( DAC'19 Item 9 ) ------------------------------------------------- [05/21/20]
Subject: SNPS DC/ICC2/Fusion vs. CDNS Genus/Innovus war is Best of 2019 #9
PROXY WAR: Waaay back in 2015 when Anirudh had just launched his assault
on Aart's Design Compiler monopoly, I mentioned how this was NOT a clean
Genus vs DC fight -- but a synthesis-is-married-to-PnR battle. (DAC'15 #6)
Then, in the "Best of 2017" report, the users made it clear that Genus, when
paired with Innvous PnR, was gaining a foothold as credible threat to Aart's
Design Compiler monopoly... (See DAC'17 #4.)

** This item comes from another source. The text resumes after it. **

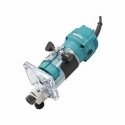 KRAŠTŲ FREŽUOJA MAKITA 530W 3712 KRAŠTŲ FREŽUOJA MAKITA 530W 3712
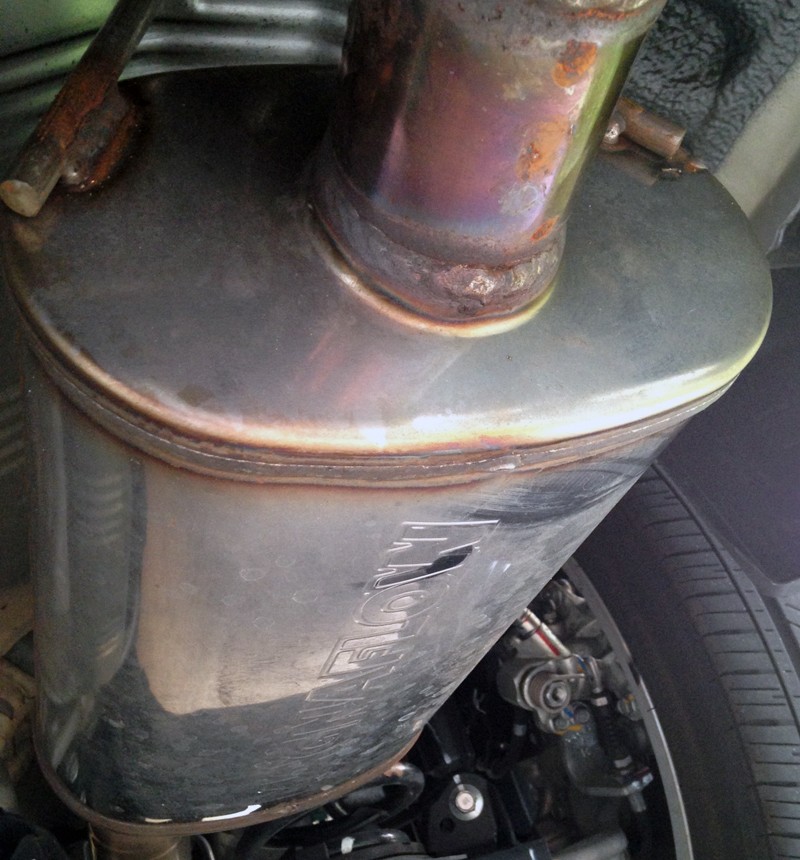 civic_si_exhaust_1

Now, 5 years later, I get to publicaly brag how my insights were soooo very
spot on! [gloating Cooley here]
It's Anirudh's Genus + Innovus vs. Aart's DC + ICC2 - or - Fusion Compiler
which is Shankar Krishnamoorthy's -- Aart's true Head of SNPS PD R&D -- attempt
to "fuse" DC to ICC2 under one database to do a straight RTL-to-GDSII flow that
locks the PD users into a SNPS-only world.
NOT WITHOUT A FIGHT: But if you look at the user comments, both the SNPS and
CDNS sides are having a mix of both "wins" and "loses".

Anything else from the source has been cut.